Przydatne, lecz zapomniane assistance do konta
Holowanie auta, porada prawna czy zamówienie wizyty lekarza lub hydraulika - to tylko niektóre usługi dostępne w ramach bankowego assistance. W razie nagłych wypadków większość uprawnionych klientów zapomina jednak, że może liczyć na pomoc swojego banku i decyduje się zapłacić za usługę z własnej kieszeni.
Ubezpieczenie assistance polegające na pomocy w przypadku nieoczekiwanych zdarzeń losowych dostępne jest już w większości banków. Najczęściej stanowi ono dodatek do rachunku osobistego, rzadziej zaś do karty kredytowej. Już dawno przestała to być usługa premium, więc przy droższych kontach jest ona całkowicie darmowa. W przypadku tych najtańszych rachunków trzeba natomiast liczyć się z kilku- lub kilkunastozłotową opłatą miesięczna.

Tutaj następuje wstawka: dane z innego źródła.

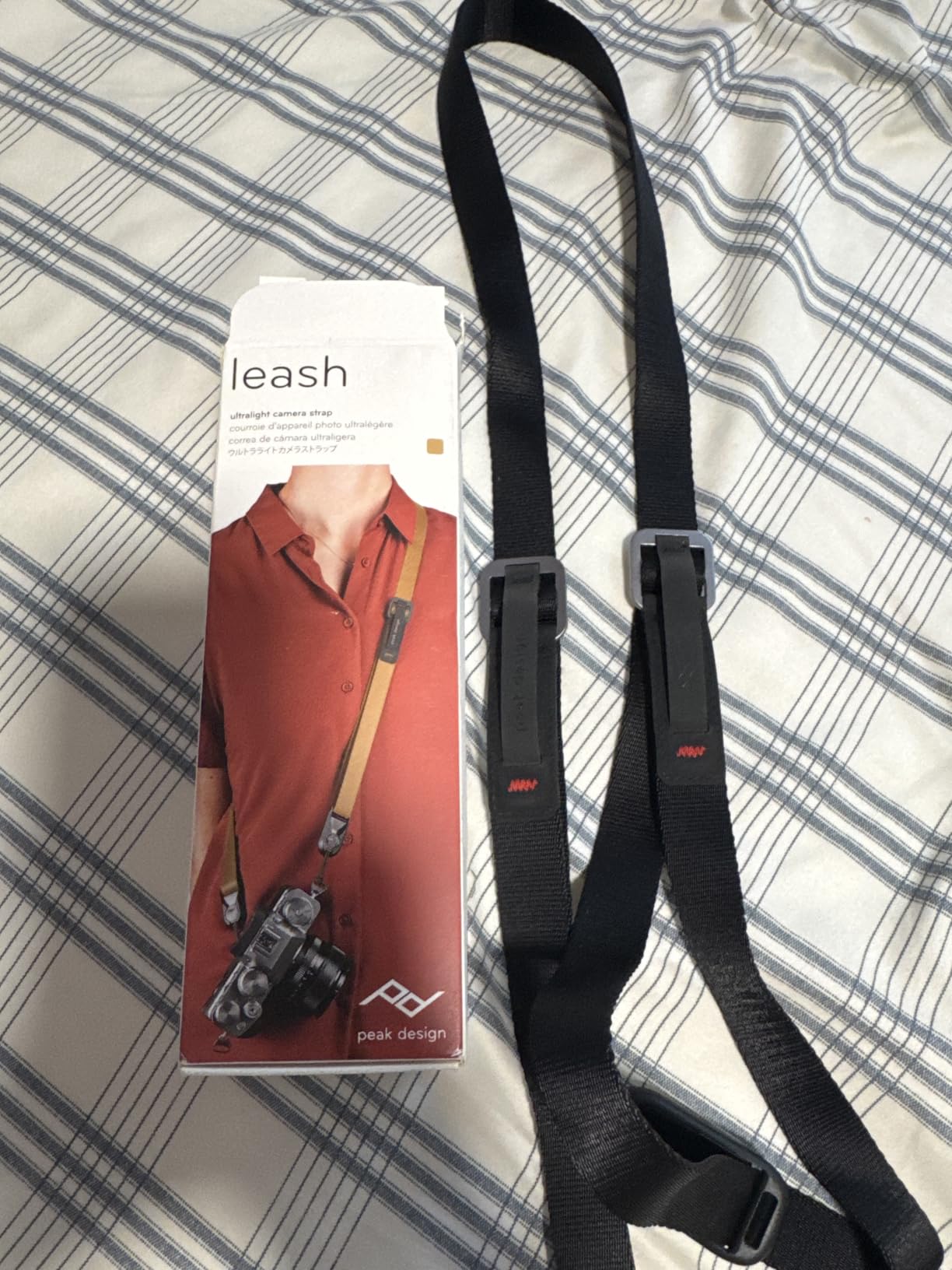 Peak Design Leash Camera Strap - Configurable as a Sling, Neck, Shoulder Strap or Safety Tether customer photo 2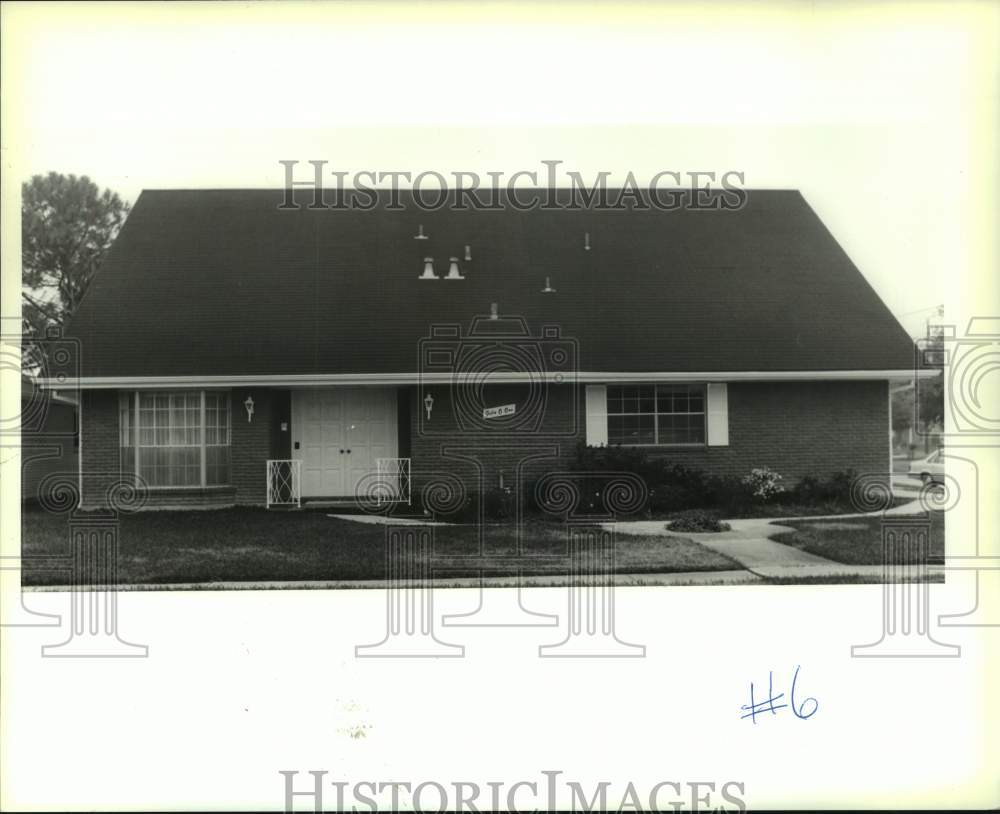 1991 Press Photo Real estate house mug-5001 Avron Ave., Metairie, LA - Historic Images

Assistance obejmuje zwykle pomoc w podróży samochodem, pomoc medyczną oraz pomoc w razie domowych usterek. Lecz nierzadko pakiet ten rozszerzany jest o elementy ubezpieczenia podróżnego (np. pomoc lekarska podczas podróży zagranicznej) oraz infolinię informacyjną (np. porady prawne). Oczywiście im droższe konto lub karta kredytowa, tym zakres takiego assistance może się być szerszy.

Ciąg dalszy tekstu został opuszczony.